台湾映画の真髄は、歴史と向き合うこと
6月14日公開の台湾・日本合作映画『オールド・フォックス11歳の選択』に出演している門脇麦さん。演技の道に入る前から惚れ込んでいた台湾映画への出演は念願だった。
舞台は1989年、バブル景気に沸く台北郊外で、父と慎ましく暮らす一人の少年の人生の選択と葛藤を繊細に描いた物語だ。門脇さんが演じたのは主人公の父の幼馴染みである台湾人女性。セリフももちろん中国語だ。「撮影前、監督から長いお手紙をいただいたのですが、私が演じる女性について、生い立ちなどが細かく書かれていて、それはもうすごい熱量で!でもそこにこそ台湾映画の真髄があるのだと、完成した作品を観て思ったんです」
台湾は過去に日本や中国に統治されるなど複雑な歴史を辿ってきた地域だ。その事実から目を背けないという確固たる姿勢が、撮影現場にも満ちていた。
「私が演じた女性は日本統治時代が終わった後に中国大陸から移り住んだ人。“外省人”と呼ばれ、言葉の発音も少し違うそうです。これは劇中で語られることはありませんが、そうした細かい歴史的背景を現場の全員が共有することで物語にリアリティと抒情が生まれる。どんな時代を描くにもそこから目を背けては何も語れないという心意気を感じて、自分がなぜ台湾映画に惹かれてきたのか、わかったような気がしました」
冷静に丁寧に俯瞰する
門脇さんが台湾映画に初めて触れたのは高校時代。たまたま観た『ヤンヤン夏の想い出』に心を奪われた。「映像は湿度たっぷりで情感豊かなのに、ストーリーはドライで淡々としている。
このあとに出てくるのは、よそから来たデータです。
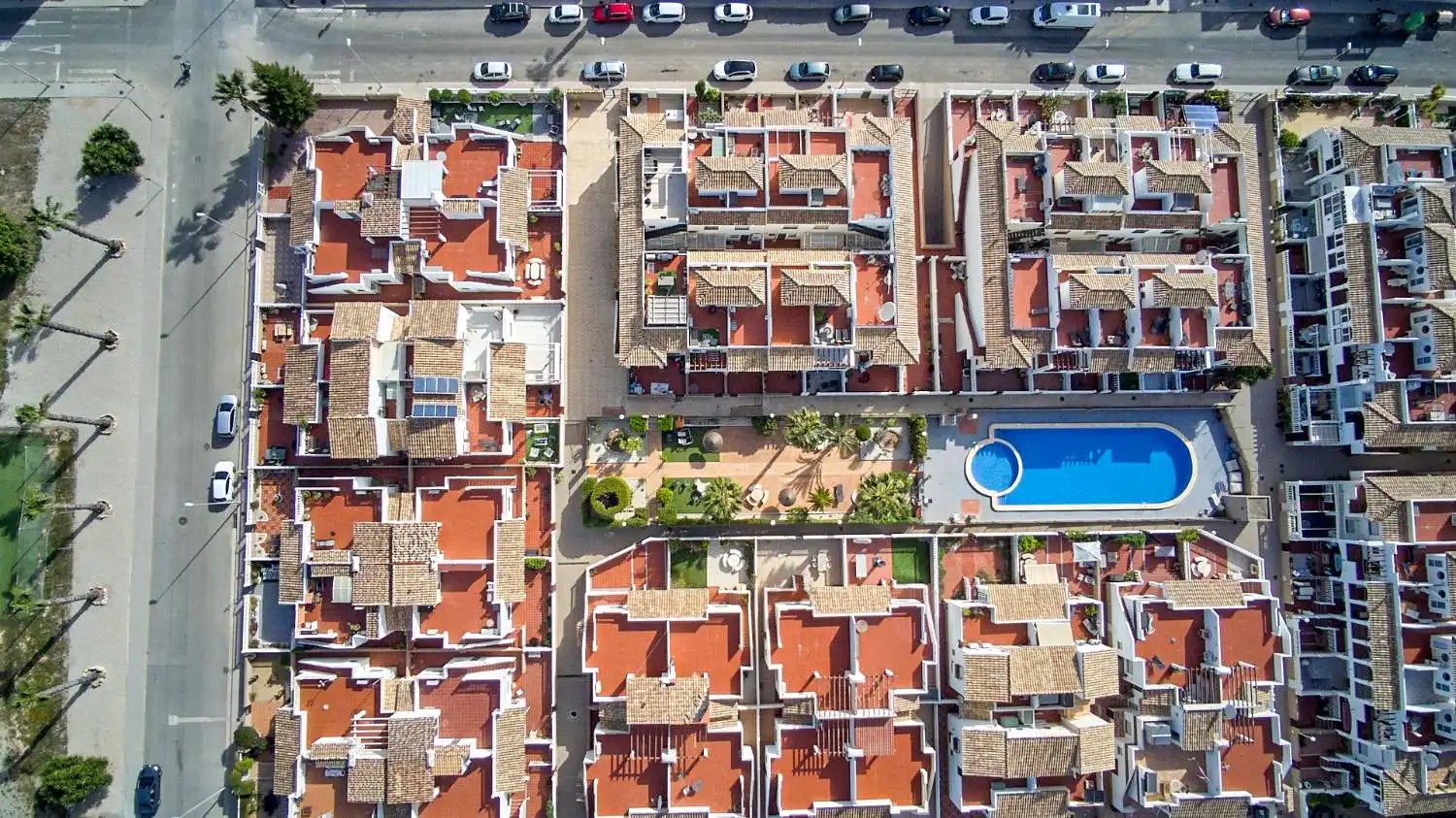 Vista exterior de Casa o chalet en venta en Orihuela con Aire acondicionado, Calefacción y Terraza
そのギャップに引き込まれて。なぜそんな作品が作れるのか。それは作る側がものすごい熱量を持っているのと同時に、常に俯瞰的な視点を忘れずにいる。そんな姿勢があるからじゃないかって」
好きな映画に挙げた『悲情城市』と『牯嶺街(クーリンチェ)少年殺人事件』は社会情勢や実際に起きた事件をモチーフにした物語。「重いテーマで、センセーショナルな描き方になりそうな作品ですが、最後まで疲れることなく、美しささえ感じて観られます。でも観終わった後には心に何かが残る。作り手の感情をぶつけるのではなく、歴史や、そこに生きた人たちの思いを俯瞰して伝える。
そんな冷静で丁寧な作業があるからこそできる表現なのだと思います。そうしないことには台湾が内包する歴史の複雑さ、その先にある人々の生き方を描くことができないのかもしれません。実際に現場に入ってみて、台湾の映画界の方たちは、それを痛いほどわかっているのだと感じました」
映画作りに対する姿勢にじかに触れたことで、背筋が伸びる思いがした「自分の国の歴史や文化について、見て見ぬふりをしてしまいたくなることが誰しもあると思います。でも、それを直視することで生まれる表現も必ずあるはずです。台湾映画と、その現場で学んだことを、演技者としても、一人の人間としても心に刻みたいと思っています」
門脇麦が影響を受けた台湾映画3選
『ヤンヤン 夏の想い出』
台北で暮らす8歳のヤンヤン。祖母が病に倒れたことで家族の関係に亀裂が入っていく。「子供が主人公のほのぼのした映画と思いきや……。あらゆる意味でギャップに魅了されました」。監督:エドワード・ヤン/'00。
『牯嶺街少年殺人事件 4Kレストア・デジタルリマスター版』
実際に起きた男子中学生による殺人事件に着想を得て60年代の台湾社会を描く青春映画。「4時間近い長編でも飽きずに観られたのはこの作品が初めて」。監督:エドワード・ヤン/'91(リマスター版は2017年公開)。
『悲情城市』
日本敗戦から国民党政府樹立まで台湾激動の4年間を、ある一家の姿を通して描いた一大叙事詩。「フィクションとは思えない力強さのある作品。歴史を俯瞰する姿勢が色濃く見えます」。監督:ホウ・シャオシェン/'89。